The area slated for logging is a watershed for the Dolores River, habitat for wildlife, a recreation area that benefits the local economy, and home to numerous Ancestral Puebloan cultural sites. The project authorizes bulldozing up to 117 miles of new roads without disclosing where those roads would be. A total of 22,790 acres would be logged, including trees just under 27 inches in diameter, despite past logging that left few large trees on the landscape.

“This massive timber sale, and the sprawling network of roads used to get out the cut, will irreparably damage habitat and change the character of recreation in the Dolores district,” said Rader. “Our forests are the best defense against a changing climate, habitat degradation, and biodiversity loss. That’s why we’re suing to hold the Forest Service accountable.”

In the face of rapid biodiversity and habitat loss, compounded by a changing climate, the Biden administration has recognized the importance of large, mature trees to improve forest resilience, safeguard habitat and sustain ecosystems, including watershed protection. Last year President Biden issued an executive order to protect old forests, affirming that “the inventory and protection of mature and old-growth trees on federal lands is the most central component of the presidential decree.” 

The lawsuit asks the court to invalidate the timber sale and protect the federal lands in the Dolores River watershed. 

San Juan Citizens Alliance advocates for clean air, pure water, and healthy lands and wildlife – the foundations of resilient communities, ecosystems, and economies in the San Juan Basin.

The Center for Biological Diversity is a national, nonprofit conservation organization with more than 1.7 million members and online activists dedicated to the protection of endangered species and wild places.

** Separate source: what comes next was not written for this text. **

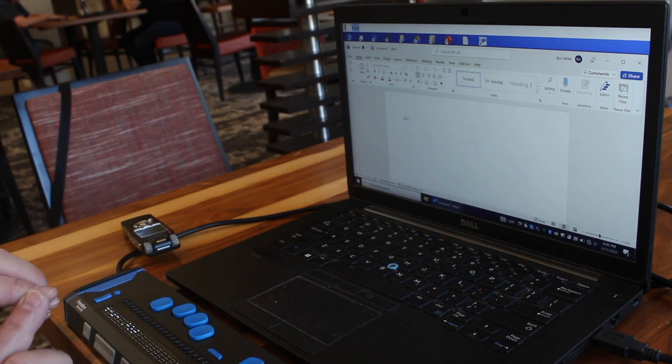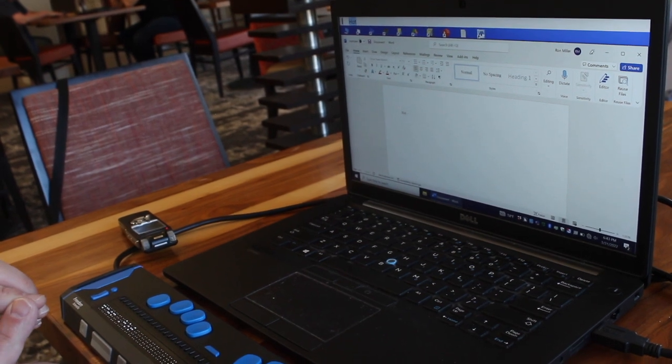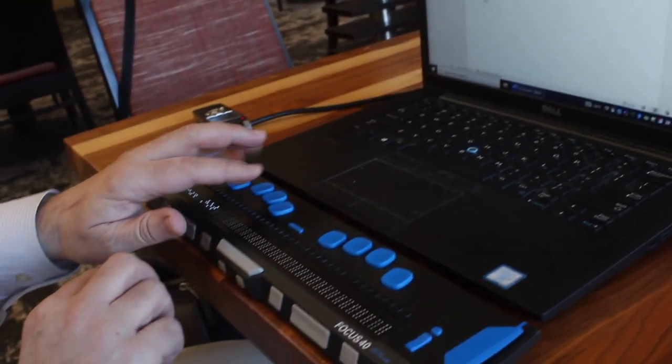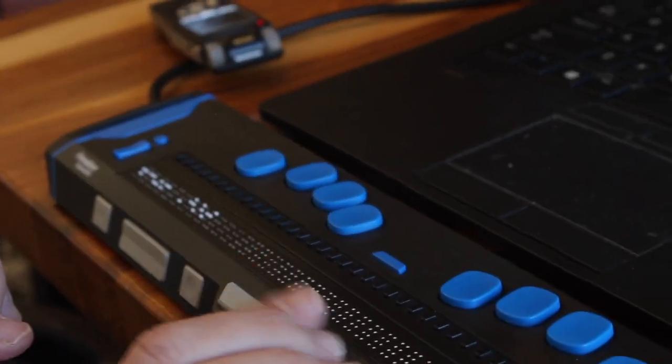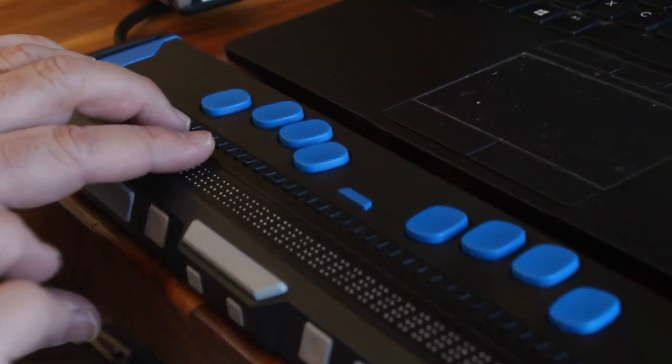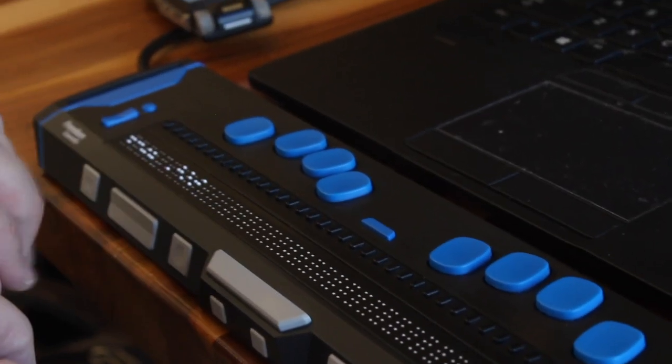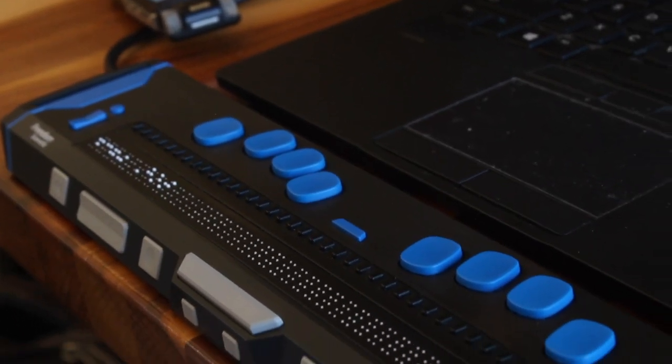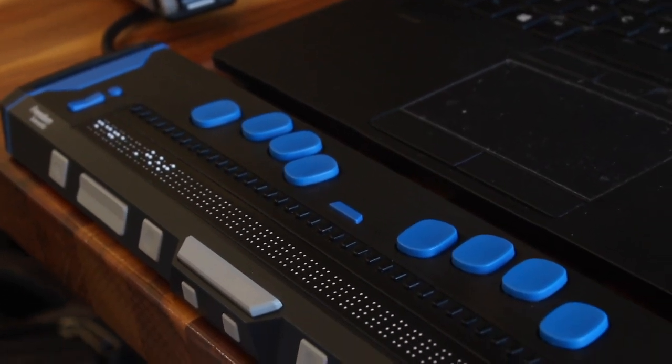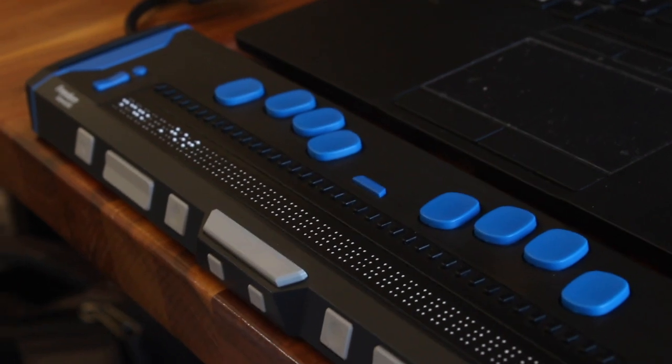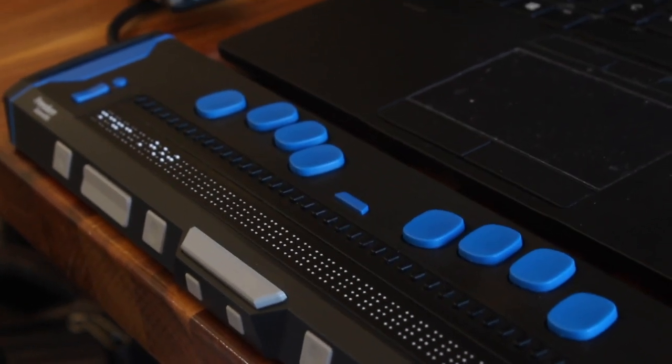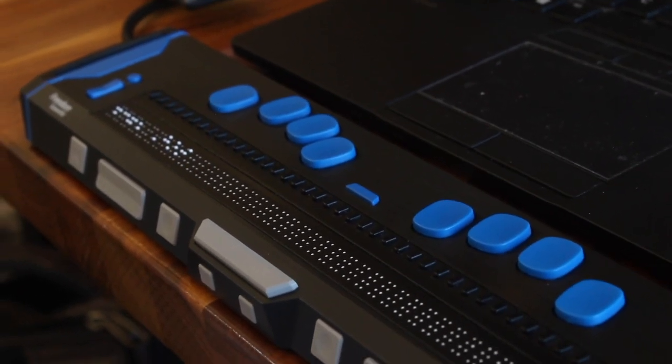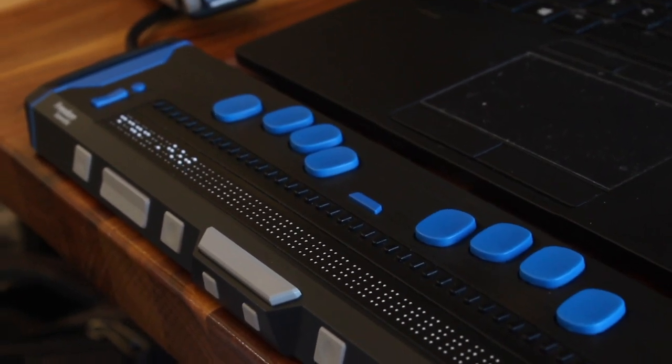Now, if we wish to backspace, I press dot 7 for backspace and then space. Everything we do, every command that we input using the braille keyboard when one-handed mode is invoked, must terminate with a space.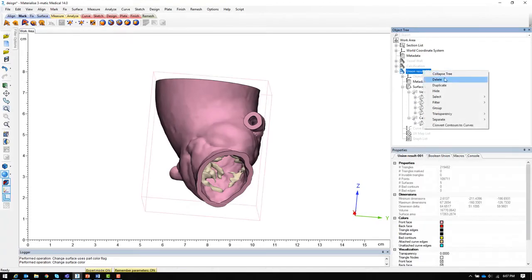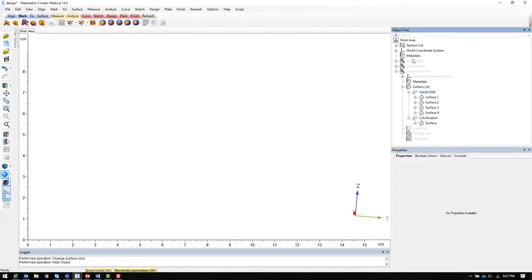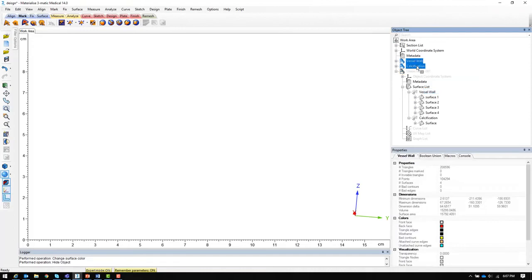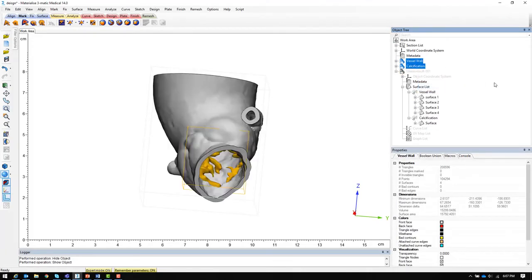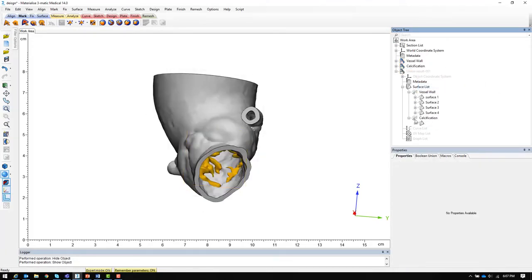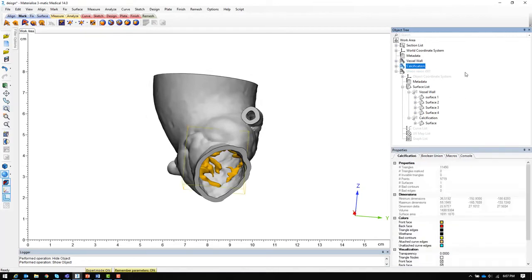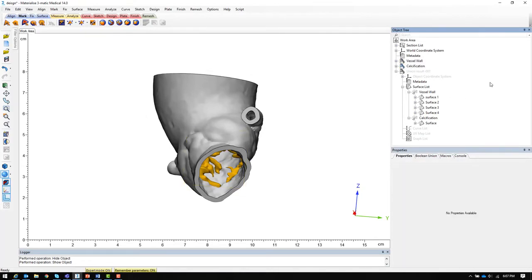Next let's take a look at the multi-material method. Going back to our original parts, we need to create separate files for each material being printed. In this case the vessel wall and the calcification should be printed in different materials.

  • Rebecca Samulski says:

    I am disappointed by this action and don’t recall ever seeing the authors in the field as the Salter projects on the Dolores Ranger District were being scoped. Perhaps there were some details that were a challenge to include in programmatic level scoping, but I have certainly seen the district do a good job of monitoring and taking inputs to adapt their management practices. This kind of adaptive management was included in the Salter EA. The San Juan National Forest was taking a pretty progressive approach to planning that looped in many stakeholders and it would provide for more flexibility in treatment options in the future. Such flexibility is essential within a changing climate and with significant recreation pressure to the landscape. That was a big part of the impetus for the approach, as the antiquated environmental review processes cannot keep up with landscape changes. We absolutely need wood products industries to manage forests, and this injunction threatens the industry that was beginning to revive in southwest Colorado and the associated economic opportunities. I love big trees, but I also love healthier forests and truly believe managers of these public lands have the best intentions in place and processes to monitor and adapt as the work of managing these forests commences.

  • The USFS Salter ‘thinning project’ allows for cutting of nearly 27”-diameter (~ 100-yr old) trees. This is an obvious violation of current forest regeneration objectives. I’ve personally surveyed results of earlier USFS-permitted cuts in the nearby Chicken Creek area. In addition to 24-26” dia stumps, there was extensive disruption and compaction of bio soils.

    Thus, challenging current local USFS practice is definitely called for.

  • Doyle McClure says:

    The above comment is clearly misleading and biased. Cutting 26” + ( ~ 100-year old) trees in the name of restoration of healthy forests is an obvious fiction.

    I have perused an earlier, USFS-approved cut in the nearby Chicken Creek area, which exhibited numerous 24-26” stumps and extensive disruption of bio soils.

    Challenge of local USFS operations is obviously called for.